PROBLEM STATEMENT ->
Return every record below exactly as written, but leave out the pictures.

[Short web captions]
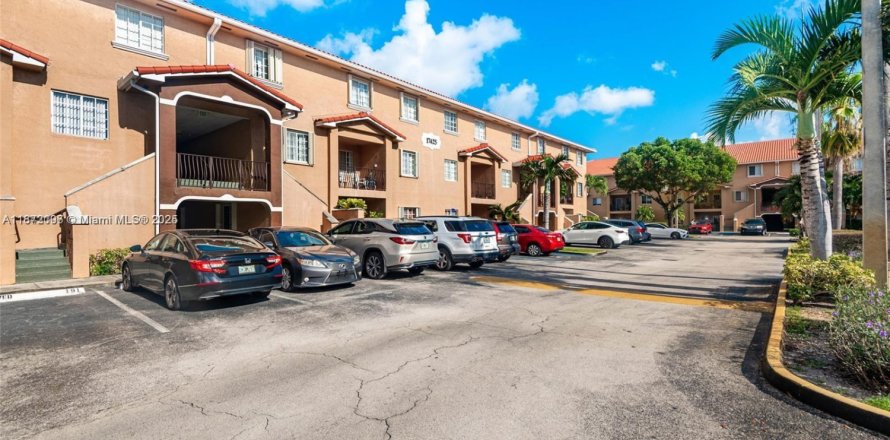 Condo à Hialeah, Floride, 3 chambres  № 1920331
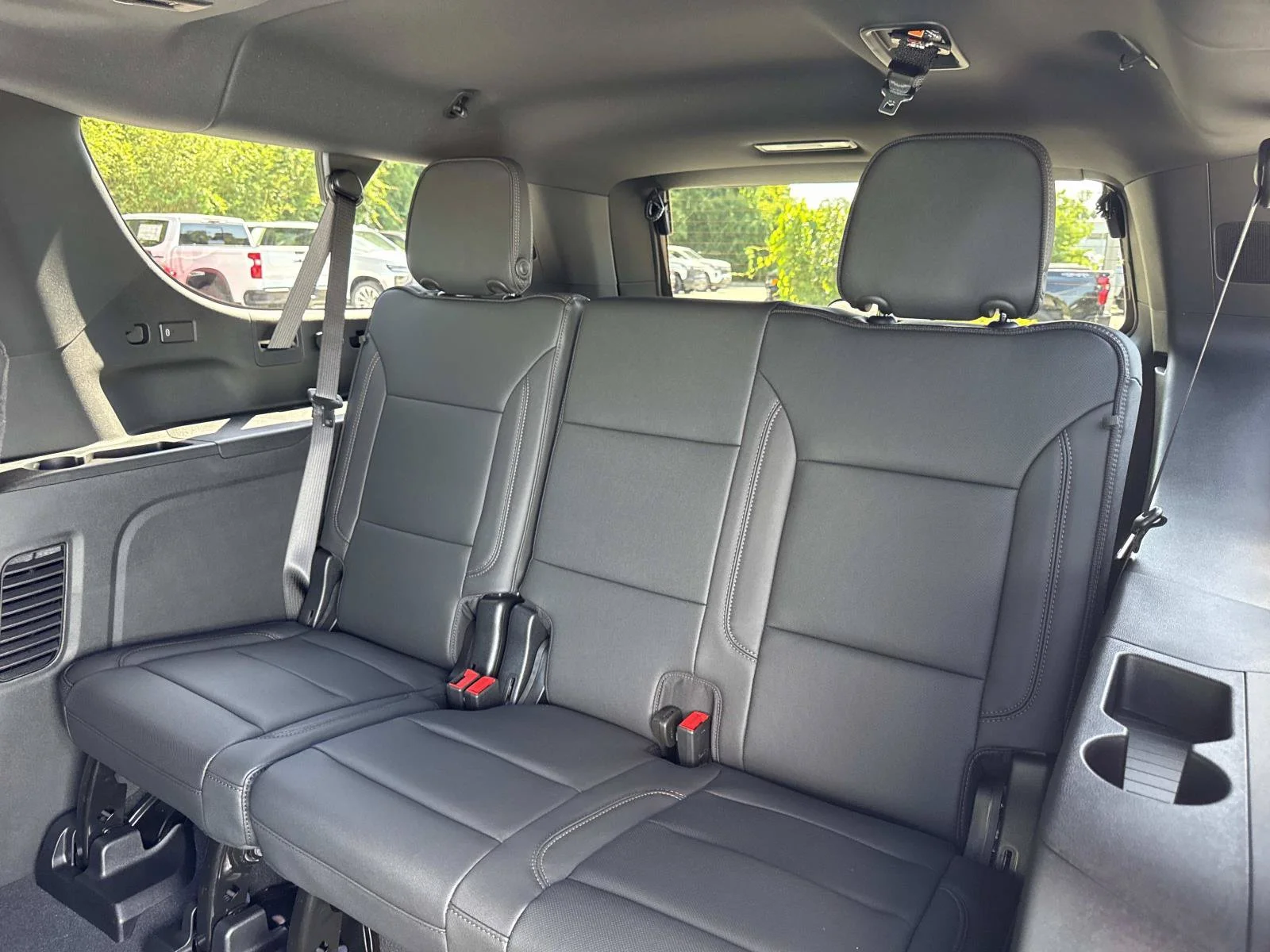 2026 Chevrolet Suburban High Country - Photo 12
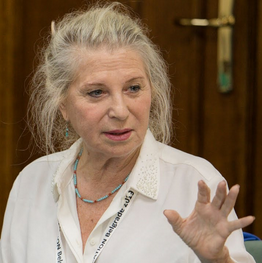 Portrait of author Liora Weinbach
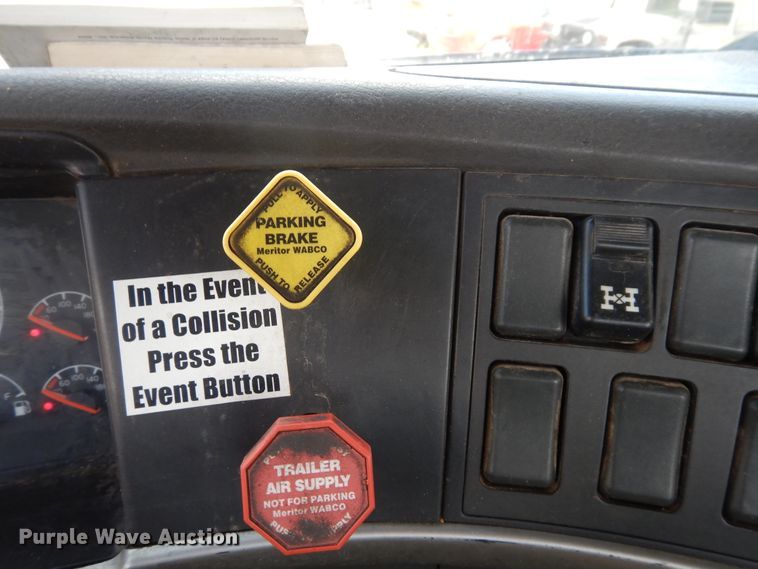 image for item GT9323 2007 Volvo VN  semi truck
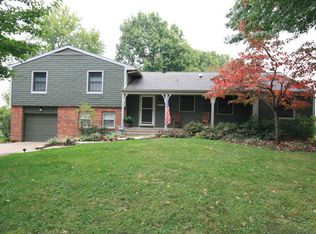 613 NW Lakeview Rd, Blue Springs, MO 64014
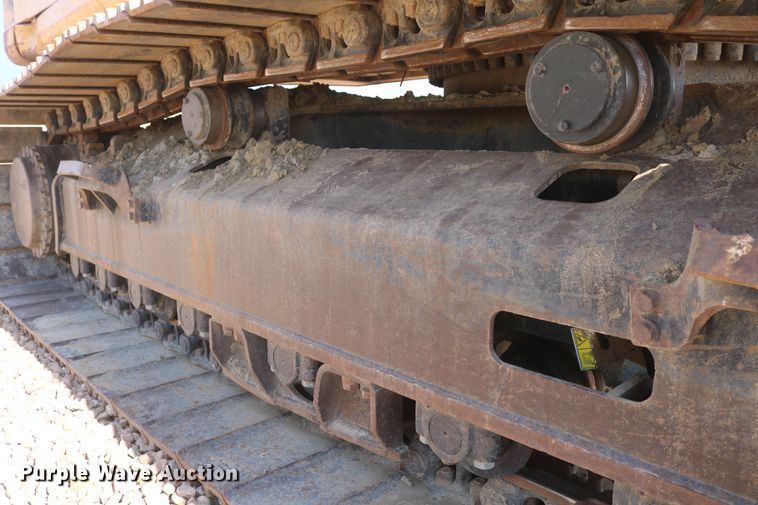 image for item DD6102 2005 Caterpillar 345B  excavator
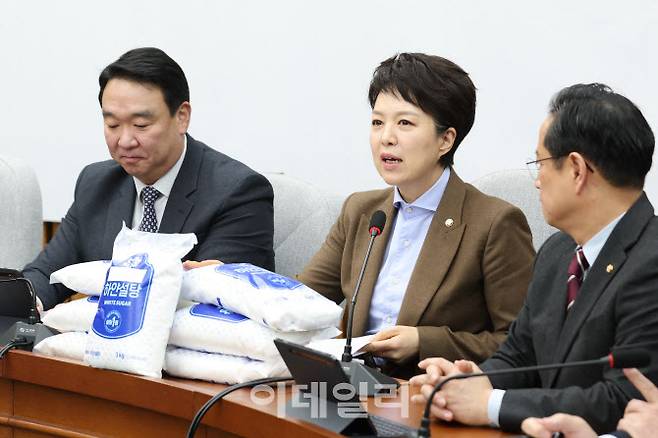 [이데일리 노진환 기자] 김은혜 국민의힘 의원이 3일 오전 서울 여의도 국회에서 열린 원내대책회의에서 설탕세 관련 발언을 하고 있다.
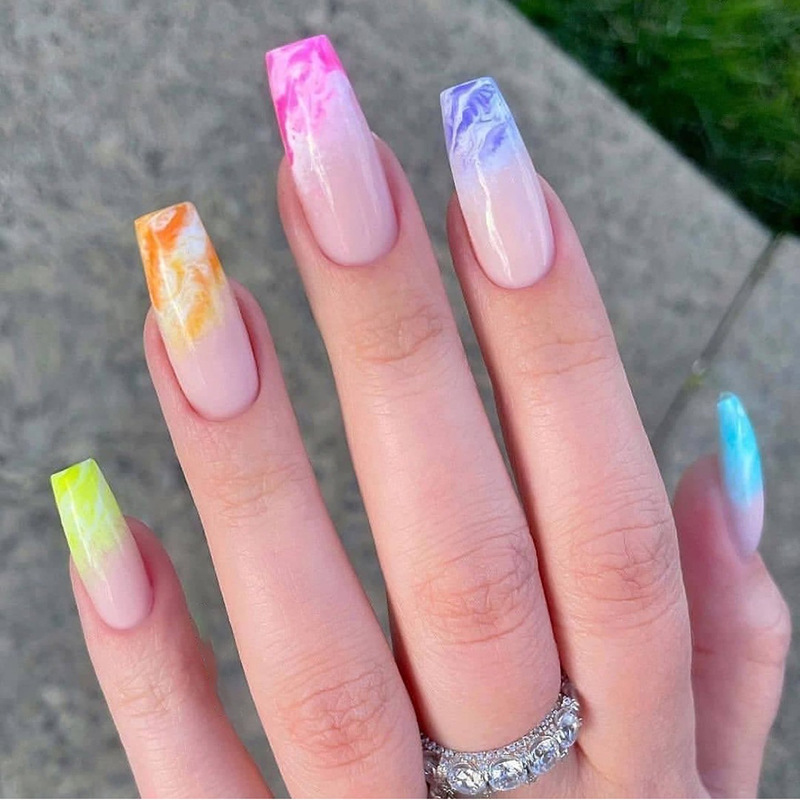 Smudged rainbow armor wearing armor long fake nail patch long ballet armor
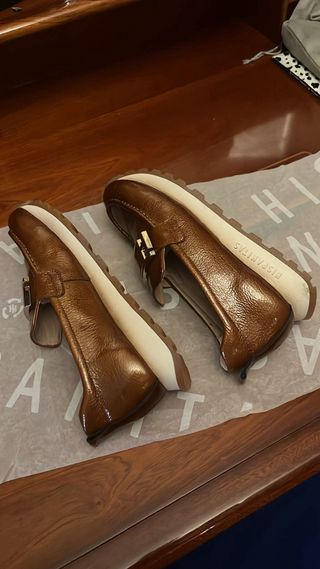 Zapatos Hispanitas Marrones con Hebilla Dorada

SOLUTION TO THE EXERCISE ->
 Condo à Hialeah, Floride, 3 chambres  № 1920331
 2026 Chevrolet Suburban High Country - Photo 12
 Portrait of author Liora Weinbach
 image for item GT9323 2007 Volvo VN  semi truck
 613 NW Lakeview Rd, Blue Springs, MO 64014
 image for item DD6102 2005 Caterpillar 345B  excavator
 [이데일리 노진환 기자] 김은혜 국민의힘 의원이 3일 오전 서울 여의도 국회에서 열린 원내대책회의에서 설탕세 관련 발언을 하고 있다.
 Smudged rainbow armor wearing armor long fake nail patch long ballet armor
 Zapatos Hispanitas Marrones con Hebilla Dorada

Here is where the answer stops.